Phyllis Coates accepted the role of Dale Marshall as a favor to director Jerry Warren, who was a former boyfriend; the actress originally cast in the lead couldn't do it and Warren couldn't find anyone else in time. He convinced Coates to do it by telling her that the film would not be shown in California. However, after it was completed, she found out that Warren did indeed release the film in California, and she was told by at least one studio executive (at Columbia) that the film was so inferior and shoddy that the studio would not be hiring her again. On top of that, Warren never paid her.

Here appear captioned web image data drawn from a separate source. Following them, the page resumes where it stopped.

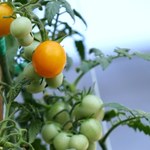 Twoje pomidory wciąż są zielone? Być może popełniłeś ten błąd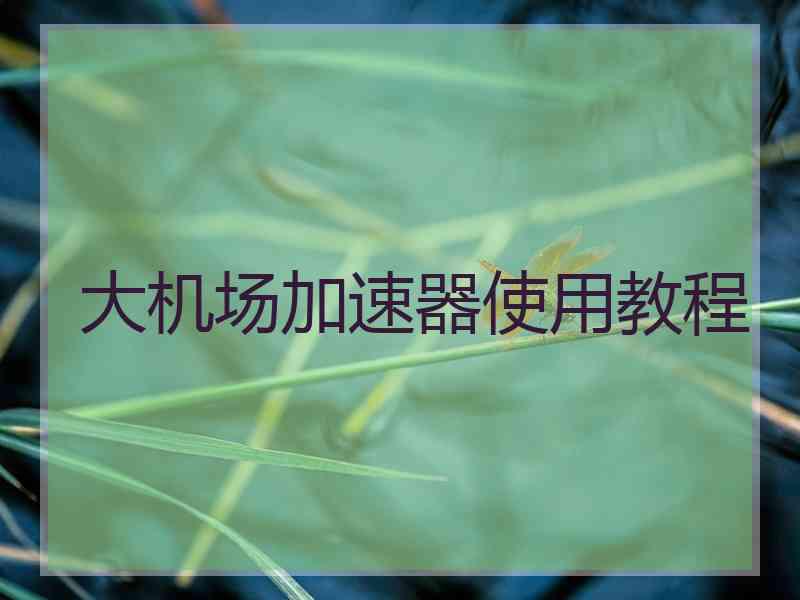 大机场加速器使用教程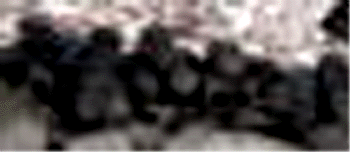 e0103408_171970.gif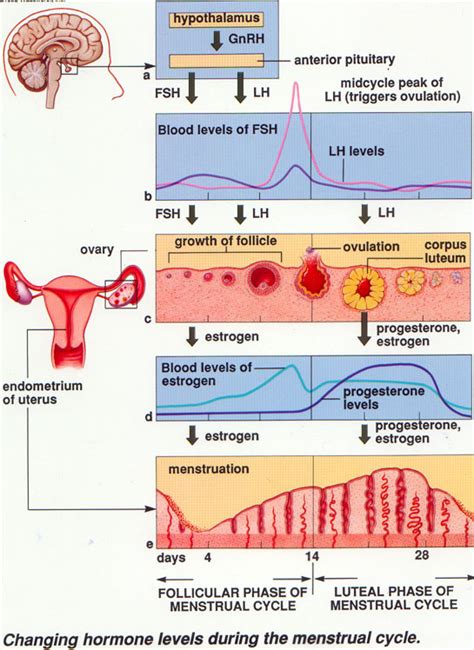 SihatSelalu: FAQ on Irregular Menstruation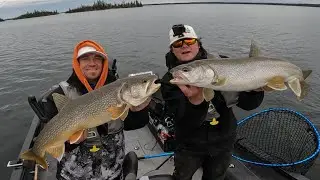 Searching for a FEEDING FRENZY! Lake Trout Fishing  #vikinglodge #fishing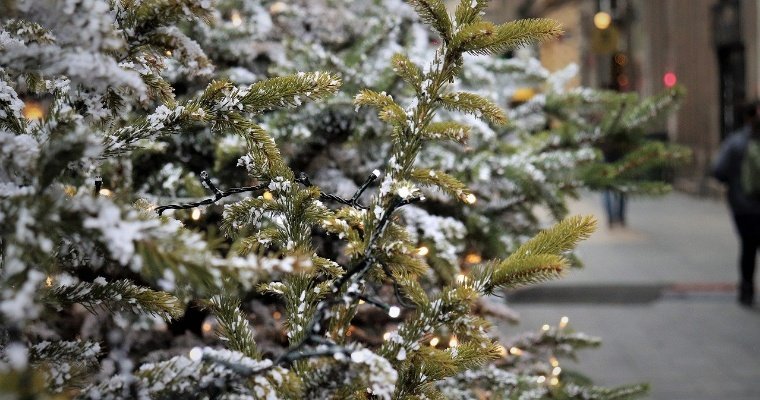 Коронавирус оставил москвичей без новогодних елок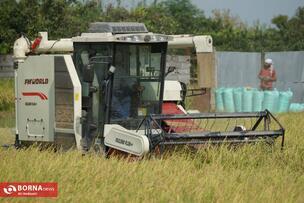 Golden Fields of the North of Iran: A Glimpse into Rice Harvest Season in Mazandaran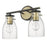 Acclaim Lighting Shelby 2 Light Vanity, Bronze/Brass/Clear Seedy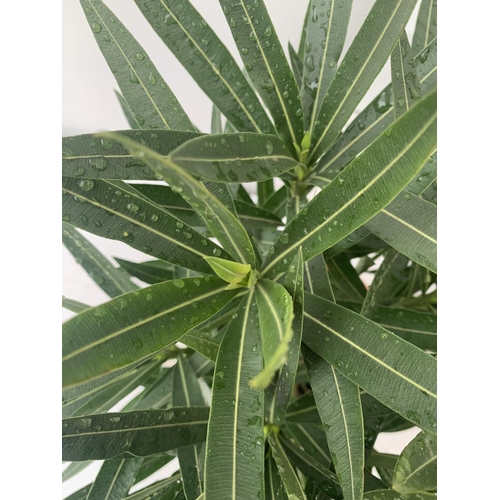 65 - TWO OLEANDER NERIUM SHRUBS SIMPLE WHITE 'SOEUR AGNES' AND SIMPLE RED 'JANNOCH' APPROX 50CM TALL IN 4... 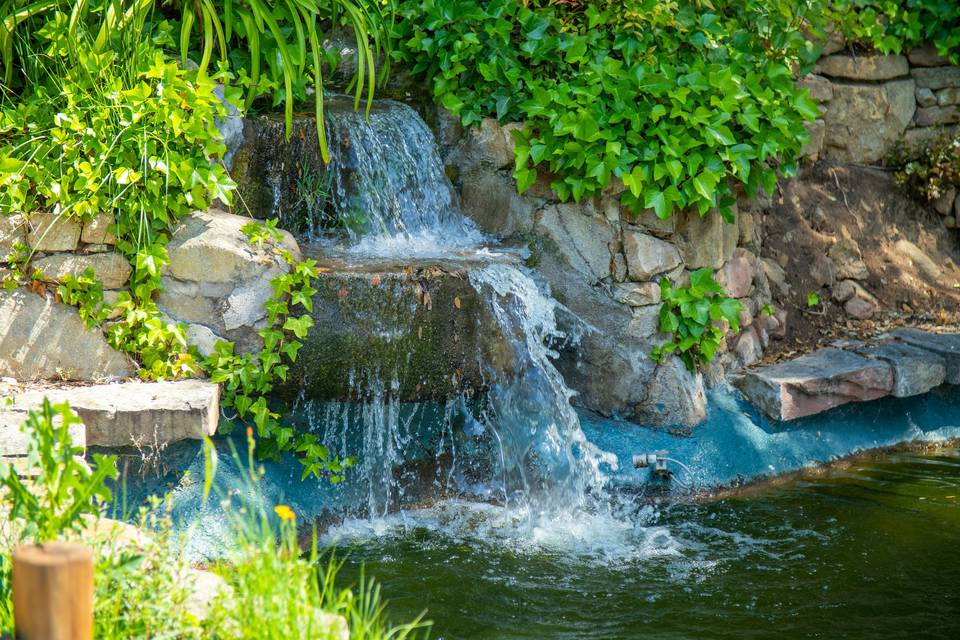 Celar Visual Stories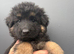 Long haired German shepherd puppies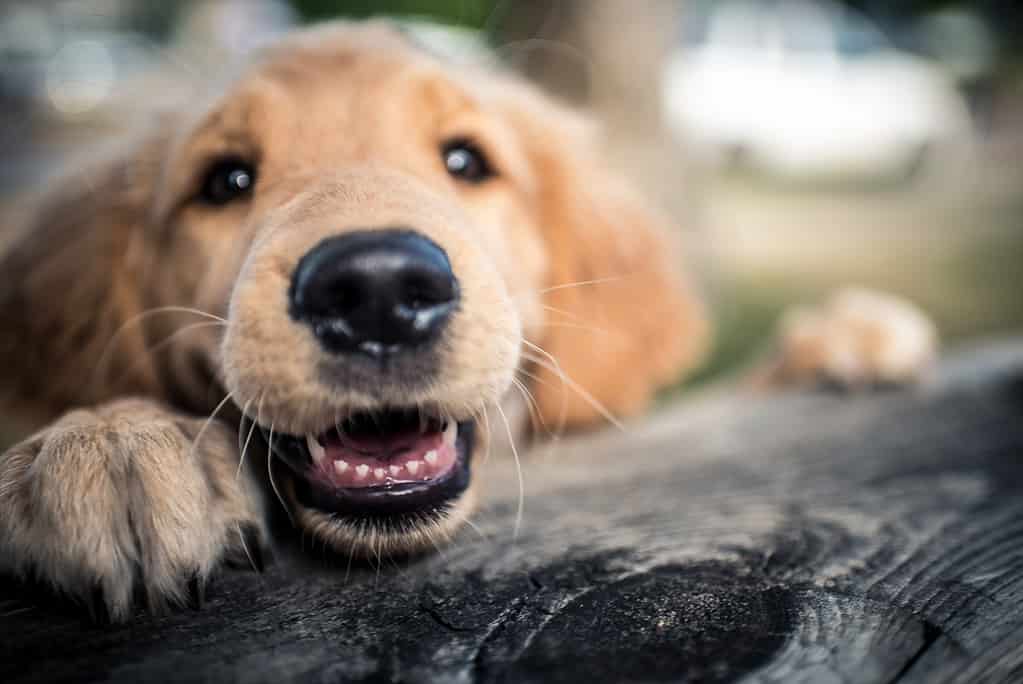 Golden retriever puppies will grow 28 baby teeth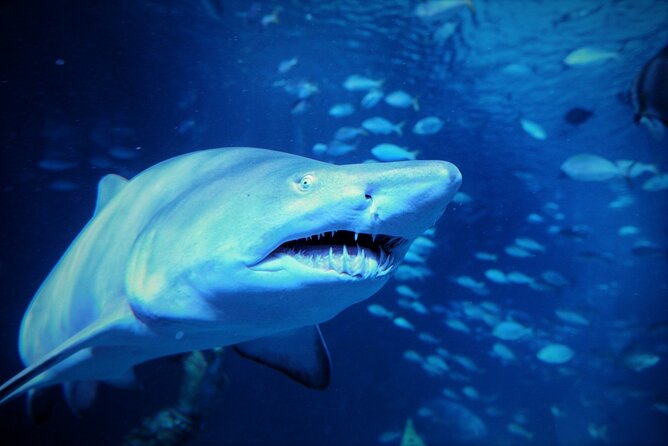 Aquarium Phuket and AR Trick Eye Museum Combo Tickets - Ocean and river life in one route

In an interview, star Robert Clarke said that the film's cinematographer is actually a well-known Hollywood cameraman who used the pseudonym "Victor Fisher" so he wouldn't get in trouble with the union for taking a job on this non-union picture.
The opening shots of the film contain a copyright from 1957, but the film was never actually registered for an official copyright.
Completed by at least March 1957, not released until 1959.
The film remained unreleased for several years until it was put on the bottom of a packaged double feature with another Jerry Warren film, Teenage Zombies (1959).
Brianne Murphy who worked as the dialogue director for the film was married at the time to director Jerry Warren. The two co-owned G.B.M. productions, the company that produced this film.
The underwater caves scenes were filmed at Colossal Cave in Tucson, Arizona.